And teachers do not earn $1 million more than an average worker. I received an email from Jacqui, a year 11 student at Jesmond High in my region. She said: 'For a long time now, all I have wanted to do is study primary school teaching at Newcastle uni. I was disappointed and angry to discover that instead of my degree costing $19,000 over four years it will now cost around double that. I have worked out that, on a teacher's salary of $59,000 per year, it will take nearly 14 years to pay back my HECS debt. With interest, I would have paid a total of around $90,000. This figure will be higher if it takes me longer to get a job or I spend time out of the workforce for family reasons.'

That is the truth behind this inequitable policy. This is the truth when you look at students who go to the University of Newcastle, the best uni in Australia under 50 years of age, where 27 per cent of students come from a low-SES background. They are not the chardonnay socialists the member for Mitchell railed against; they are kids from low- and middle-income families who will be turned off by these huge fee hikes and by the deregulation of uni fees. This will place a real barrier against their entry to university. This is a great betrayal of the Australian people.
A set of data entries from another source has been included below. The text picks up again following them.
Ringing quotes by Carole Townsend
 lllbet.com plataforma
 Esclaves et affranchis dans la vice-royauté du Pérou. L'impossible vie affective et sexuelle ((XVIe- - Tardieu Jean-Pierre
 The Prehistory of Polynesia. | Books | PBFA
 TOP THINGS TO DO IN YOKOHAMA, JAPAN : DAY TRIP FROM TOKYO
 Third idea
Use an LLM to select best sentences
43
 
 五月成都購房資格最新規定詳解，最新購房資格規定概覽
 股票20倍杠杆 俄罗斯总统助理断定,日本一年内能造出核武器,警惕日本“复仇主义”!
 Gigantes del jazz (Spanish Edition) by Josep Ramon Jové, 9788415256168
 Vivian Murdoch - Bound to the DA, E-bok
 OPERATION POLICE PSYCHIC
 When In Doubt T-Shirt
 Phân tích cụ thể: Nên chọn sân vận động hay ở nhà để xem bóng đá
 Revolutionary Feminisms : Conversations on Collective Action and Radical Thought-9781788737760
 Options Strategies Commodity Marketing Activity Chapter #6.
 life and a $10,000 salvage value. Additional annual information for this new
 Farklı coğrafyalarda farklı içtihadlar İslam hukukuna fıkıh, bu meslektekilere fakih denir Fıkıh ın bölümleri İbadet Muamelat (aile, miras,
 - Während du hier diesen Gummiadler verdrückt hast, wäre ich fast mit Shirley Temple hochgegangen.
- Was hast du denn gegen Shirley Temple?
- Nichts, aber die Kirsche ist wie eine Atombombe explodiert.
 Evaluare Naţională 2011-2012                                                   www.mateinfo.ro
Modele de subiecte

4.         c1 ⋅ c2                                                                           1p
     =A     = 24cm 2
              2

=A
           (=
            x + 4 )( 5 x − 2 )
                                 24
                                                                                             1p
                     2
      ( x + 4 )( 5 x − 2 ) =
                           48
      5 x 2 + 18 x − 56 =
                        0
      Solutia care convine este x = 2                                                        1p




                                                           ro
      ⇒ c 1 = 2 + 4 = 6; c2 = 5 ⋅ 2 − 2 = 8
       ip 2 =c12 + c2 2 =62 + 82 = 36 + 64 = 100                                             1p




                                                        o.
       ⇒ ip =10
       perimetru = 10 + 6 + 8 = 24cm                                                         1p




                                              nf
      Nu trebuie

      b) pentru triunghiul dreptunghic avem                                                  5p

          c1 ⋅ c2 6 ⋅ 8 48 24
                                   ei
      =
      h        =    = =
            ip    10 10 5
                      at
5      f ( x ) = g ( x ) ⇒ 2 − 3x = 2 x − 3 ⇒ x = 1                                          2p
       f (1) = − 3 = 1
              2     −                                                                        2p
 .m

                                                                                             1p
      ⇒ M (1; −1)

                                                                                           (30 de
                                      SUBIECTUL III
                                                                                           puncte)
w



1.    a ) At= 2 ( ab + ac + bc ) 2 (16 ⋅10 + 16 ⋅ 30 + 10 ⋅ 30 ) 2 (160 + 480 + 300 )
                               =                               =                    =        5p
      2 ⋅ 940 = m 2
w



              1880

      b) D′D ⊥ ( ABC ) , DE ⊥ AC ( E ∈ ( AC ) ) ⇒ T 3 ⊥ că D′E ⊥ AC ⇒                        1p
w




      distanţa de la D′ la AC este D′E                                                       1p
When I look at MPI debates, I like to see what those opposite said before the election. I go to that great document Our Plan: Real Solutions for All Australians, which the Prime Minister hid behind. It was his shield whenever a journalist had the temerity to ask him a question about anything before the election. 'Just look at my pamphlet. The pamphlet has got everything I stand by—and it is in writing, so you can trust what I'm saying'—it is in writing, so it must be true! If we go to page 41, we can read a firm commitment from the Prime Minister, a paragon of virtue and honesty: 'We will ensure the continuation of the current arrangements in university funding.' That is pretty direct; there are no ifs or buts. The truth is that this is an important debate because those on the other side stand for the betrayal of low- and middle-income families and their chances of getting a decent education, getting a degree in nursing or teaching, contributing to our society, advancing their family and maybe being the first in their family to go to university. That door is being shut by the heartless mob over there who are just pursuing a nasty ideological agenda. (Time expired)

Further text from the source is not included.